2005 IMO Shortlist Problems/A3

Problem

(Czech Republic) Four real numbers $\displaystyle p,q,r,s$ satisfy

$\displaystyle p+q+r+s = 9$ and $\displaystyle p^2 + q^2 + r^2 + s^2 = 21$ .

Prove that $ab-cd \ge 2$ holds for some permutation $\displaystyle (a,b,c,d)$ of $\displaystyle (p,q,r,s)$ .

Solutions

Solution 1

Lemma. $\max (p,q,r,s) \le 3$ .

Proof.
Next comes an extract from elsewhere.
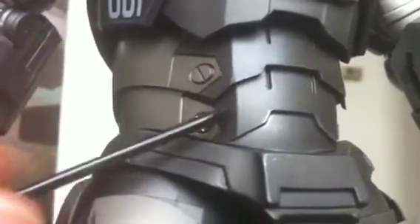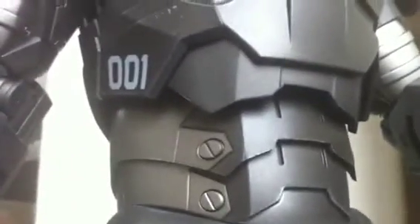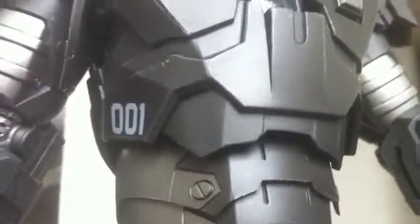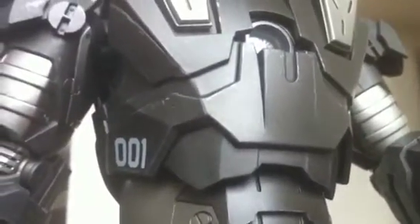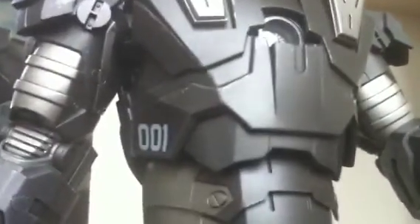Up in the torso area — the disappointment in articulation. You have these different armor plating sections and you would think he'd be able to crouch down even lower, but he can't. Still minor posability in the torso area — a little bit of bend and a little bit of turn — but you don't want to mess around too much because you don't want your figure to snap.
Suppose on the contrary that $p > 3$ . Then $(p,q,r,s)$ majorizes $(3,2,2,2)$ , and since $f : x \mapsto x^2$ is a convex function, by Karamata's Inequality, $21 = p^2+q^2+r^2+s^2 \ge 3^2 + 2^2 + 2^2 + 2^2 = 21$ . But since $f$ is strictly convex, equality occurs only when $(p,q,r,s)$ is a permutation of $(3,2,2,2)$ , a contradiction, since we assumed $p>3$ . ∎

Without loss of generality, let $p \ge q,r,s$ . Now, since $f : x \mapsto x(9-x)$ is increasing on the interval $( -\infty, 9/2 ]$ ,

$pq + pr + ps = p(9-p) \ge 3(9-3) = 18$ .

Also, we note

$pq+pr+ps+rs+qs+rq = \frac{1}{2}[ (p+q+r+s)^2 - (p^2+q^2+r^2+s^2) ] = \frac{1}{2} ( 9^2 - 21) = 30$ .

Hence

$(pq-rs) + (pr-qs) + (ps-rq) = 2(pq+pr+ps) - (pq+pr+ps+rs+qs+rq) \ge 2\cdot 18 - 30 = 6$ .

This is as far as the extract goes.